Convex Analysis of the Second Autocorrelation Inequality: Why Flat Autoconvolution Maximizes C

Key Insight: The Score Measures "Flatness" of Autoconvolution

From my analysis of the current best solution:

Mathematical Structure

The score is: $C = \frac{\|g\|_2^2}{\|g\|_1 \cdot \|g\|_\infty}$

where $g = f \star f$ is the autoconvolution.

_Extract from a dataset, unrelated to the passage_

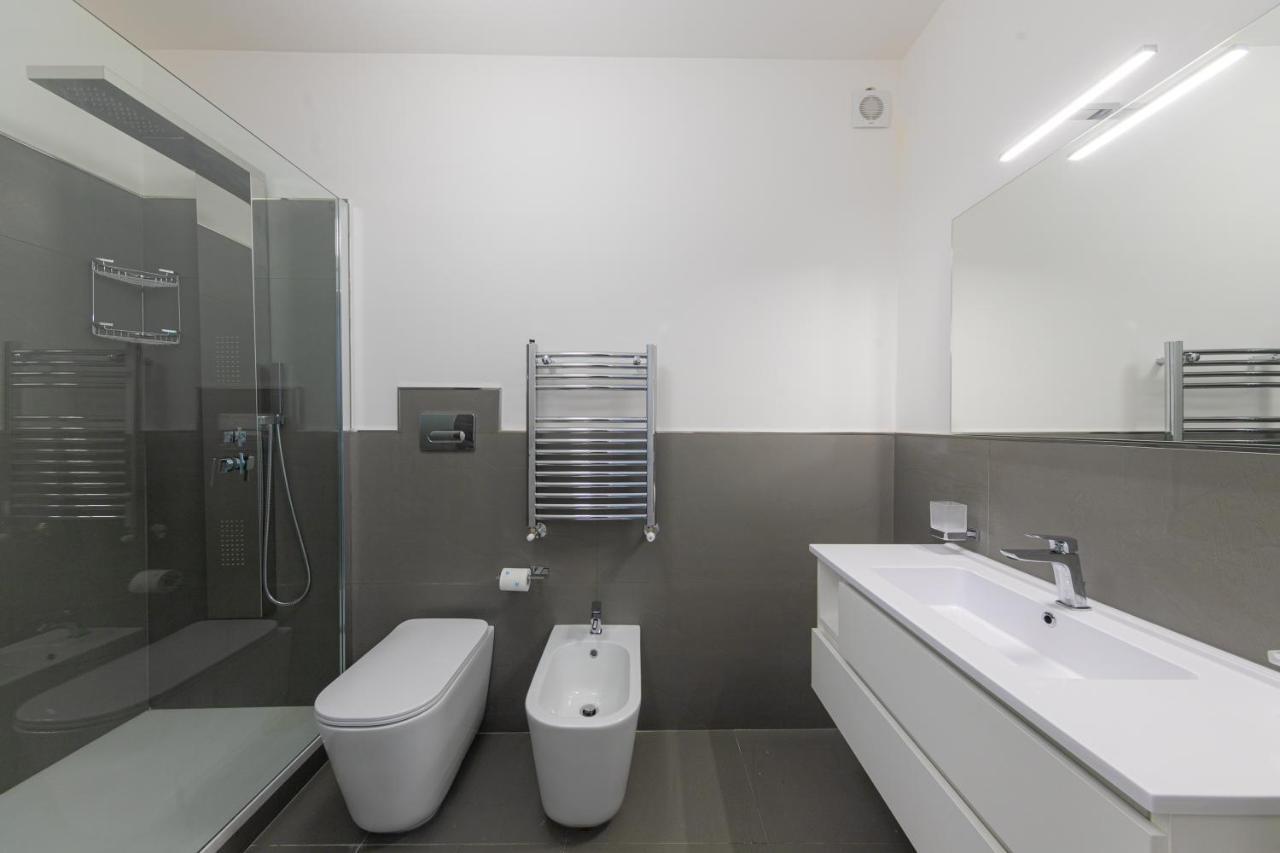 Suite Bordonaro Luxury Apartments Cefalù Exteriör bild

By Hölder's inequality, $C \leq 1$ always, with equality iff $g$ is constant on its support.

Empirical Analysis

I examined the current best solution (C = 0.961):

• The convolution has 46.93% non-zero values
• Mean on support: 9770
• Std on support: 4071 (CV = 0.42)

If we replace the convolution values with their constant mean on the same support, we get: $C_{\text{flat}} = 0.999$

This confirms: to maximize C, minimize the variance of $g = f \star f$ on its support.

Optimization Direction

The problem reduces to: find $f \geq 0$ such that $f \star f$ has minimal variance on its support.

This is related to:

1. Difference sets: If $f$ is a sum of deltas, the convolution at shift $t$ equals $\sum_{i-j=t} f_i f_j$
2. Fourier perspective: $|\hat{f}|^2$ should be close to a box function

Connection to Additive Combinatorics

A $(v, k, \lambda)$-difference set has the property that every non-zero difference occurs exactly $\lambda$ times. If we use such a set to position delta functions with equal weights, the autoconvolution would be nearly constant.

Has anyone explored using difference sets or finite projective planes to construct $f$?